I have been authoring since I was in elementary school, when I wrote a story, copied it onto construction paper, drew illustrations, tore up a cotton ball for glued globs of snow, and punched holes so I could tie it up with yarn and read it like a book.
This seems like a good time to bring up that these things I say to myself during my morning meditation are for me, based on who I am, developed from Maria Nemeth’s ‘Standards of Integrity’ exercise from The Energy of Money.
You have your own Standards of Integrity.
Sometimes ours will mesh and sometimes they won’t.
It matters less what our Standards of Integrity are and matters more that we live our lives in alignment with them.
My eyes are closed, I direct them to the part of me that would make babies if it could.
I imagine making babies of blog posts and podcasts, and of making students in my class different people than they might otherwise have been.
I say the words:
I am an author and a teacher.
Writing Update
2020 feels like a wasted year in terms of my novel, but it wasn’t. It was a year of deep learning and an important realization: writing fiction is nothing like writing non-fiction. As an editor friend said, “They’re two different languages.”
I had assumed that because I was fluent in one, I would be fluent in the other, and I was not. I had to go back to school.
After many books and workshops and personal study, I’m not fluent, but at least I can get around the city, ask where the train station is, buy lunch.
At the end of 2020, I felt that I’d had enough input (for now) and that it was time to up my output. Or to be honest about it, have some output, since I hadn’t written since April 3rd.
To add pressure, I signed up for Rachael Herron’s 90 Days to Done class.

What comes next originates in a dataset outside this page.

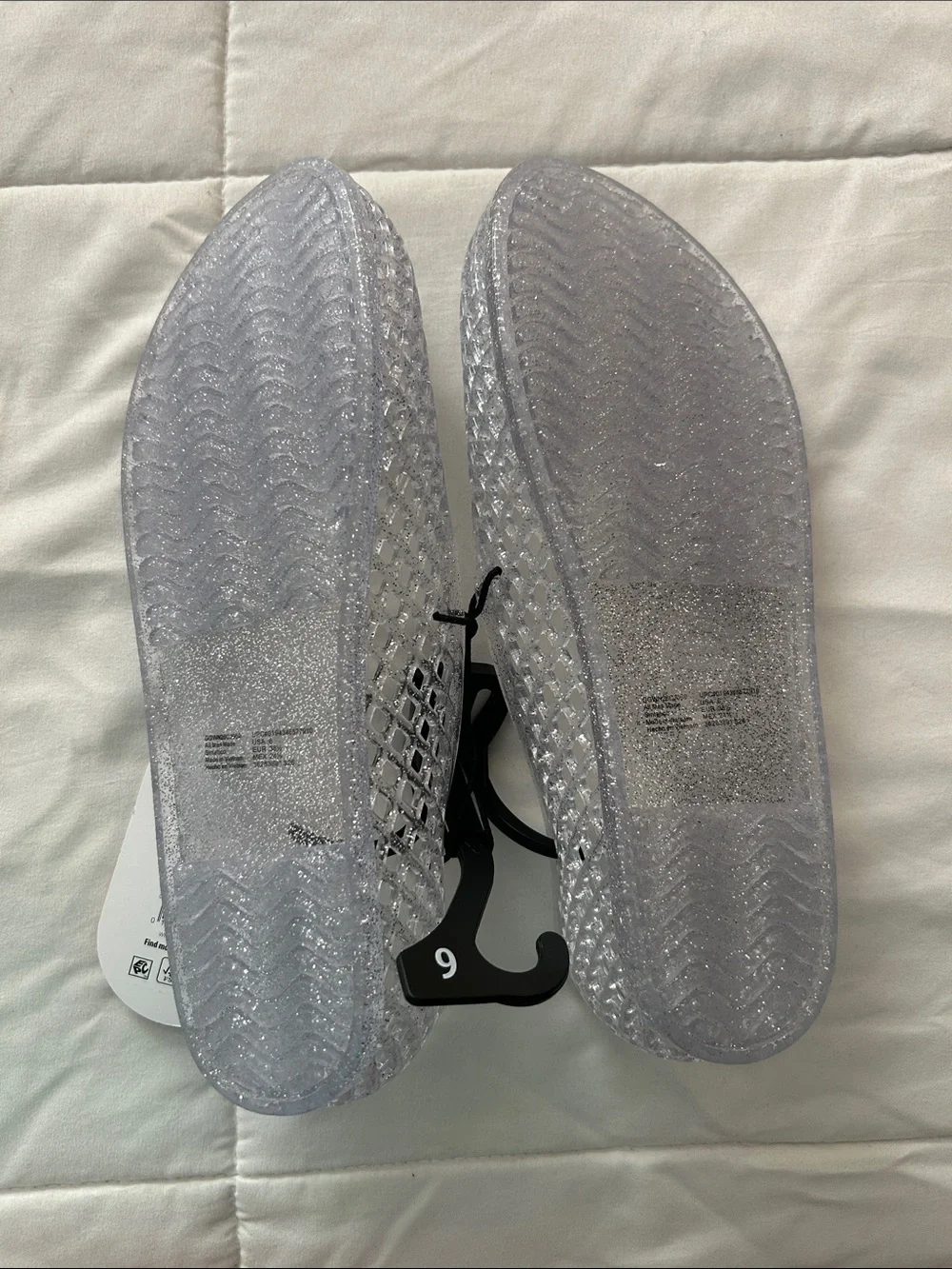 wonder nation Clear Silver Sparkle Jelly Flats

The first thing we did was figure out our genre. That gave us guidance for how long our books needed to be, how many words. I needed to get to 80,000 words. That meant my weekly goal was 8,000 words (because I didn’t write for the first two weeks, I worked on character and plot).
This week, my first week of writing, I wrote 8,204 words. I know it will get harder but all I need to do is write the next word, over and over and over.
And the last two words I write will be, ‘THE END.’
Chewing the Cud of Good
Thankful for the coldest days of winter, because they bring the brightest sun.